#### WHAT THE TASK ASKS
All lines from the one containing "Zamilovaná kočka ležící" through the end of the data below are to be repeated exactly, with pictures left out.

#### Collection entries
* * *
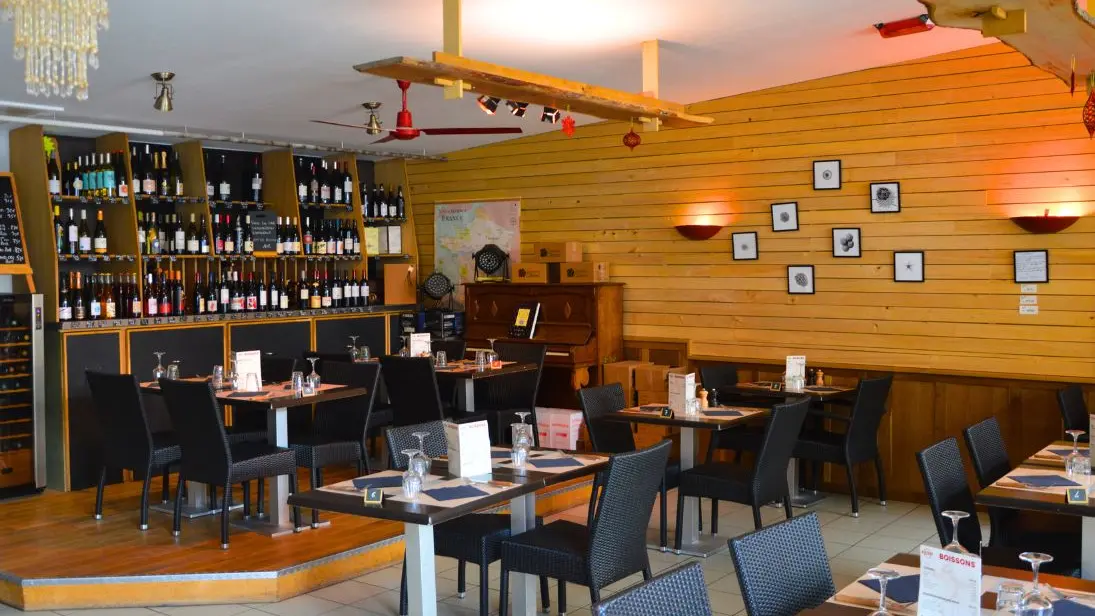 salle-restaurant-le-bistrot-saint-jean_1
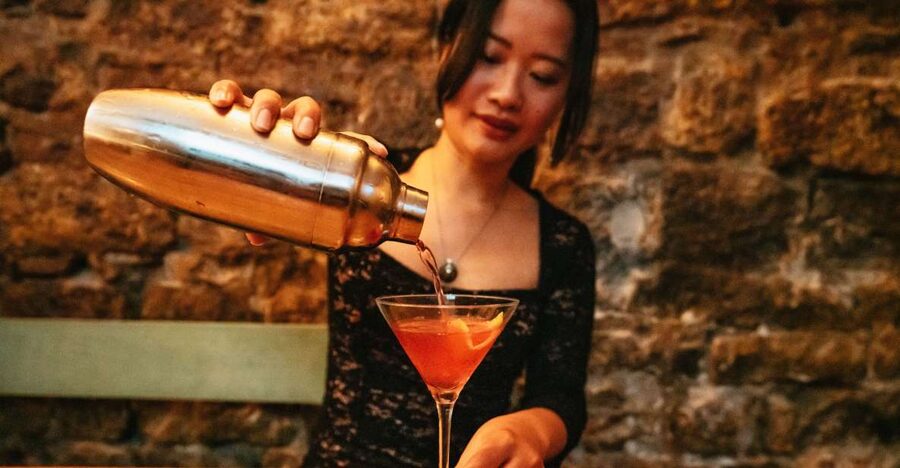 Barcelona: Cocktail Master Class by Mixologist with Tapas - Why This Cocktail and Tapas Class Fits Barcelona Nights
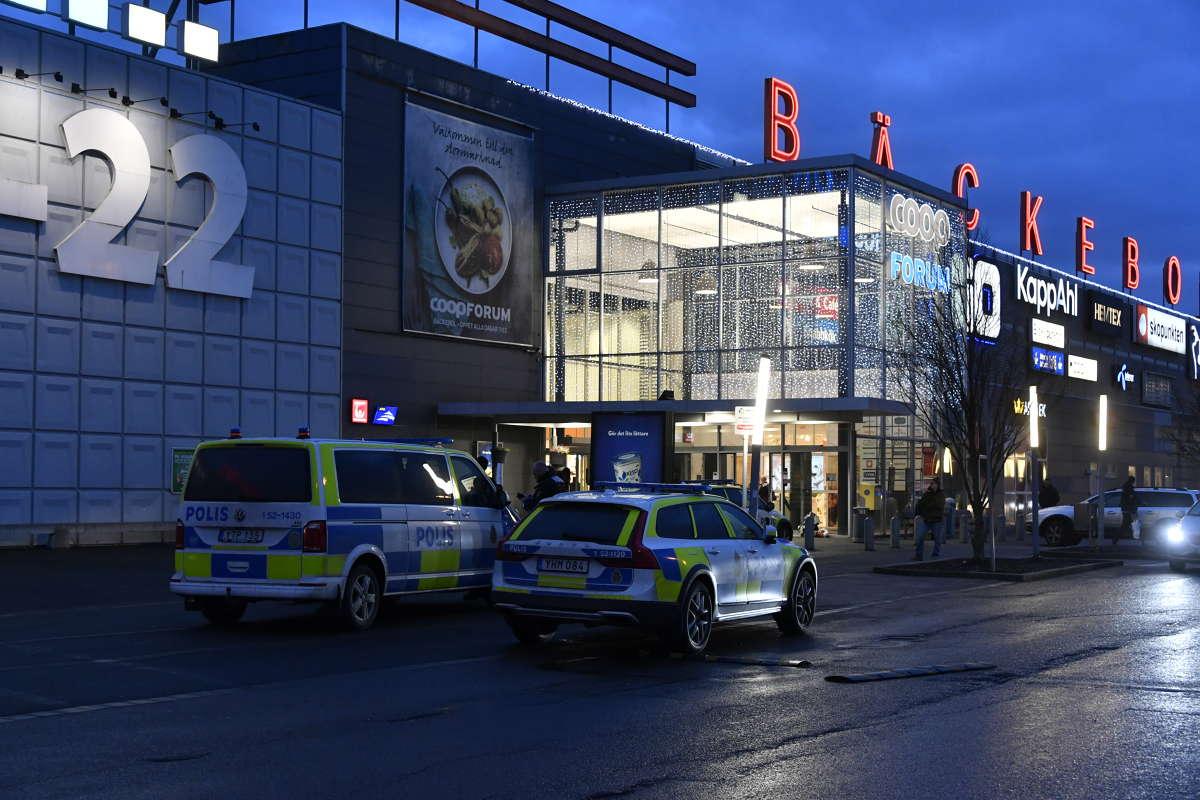 Flickan hittades utanför Coop Bäckebol i Göteborg. 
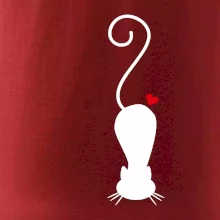 Zamilovaná kočka ležící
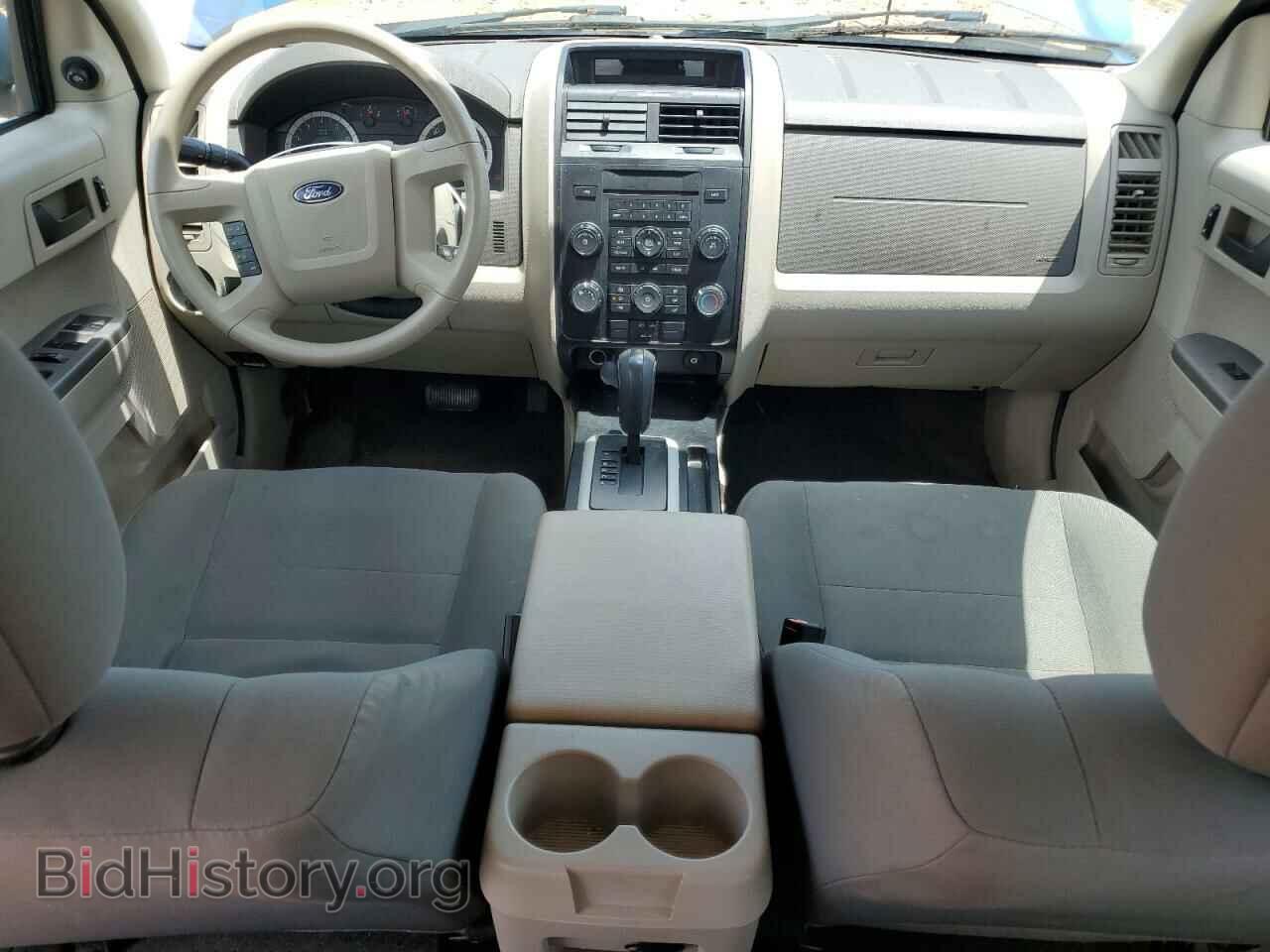 2011 FORD ESCAPE - VIN: 1FMCU0C7XBKC49791 - Фото 8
* * *
#### WRITTEN SOLUTION
 Zamilovaná kočka ležící
 2011 FORD ESCAPE - VIN: 1FMCU0C7XBKC49791 - Фото 8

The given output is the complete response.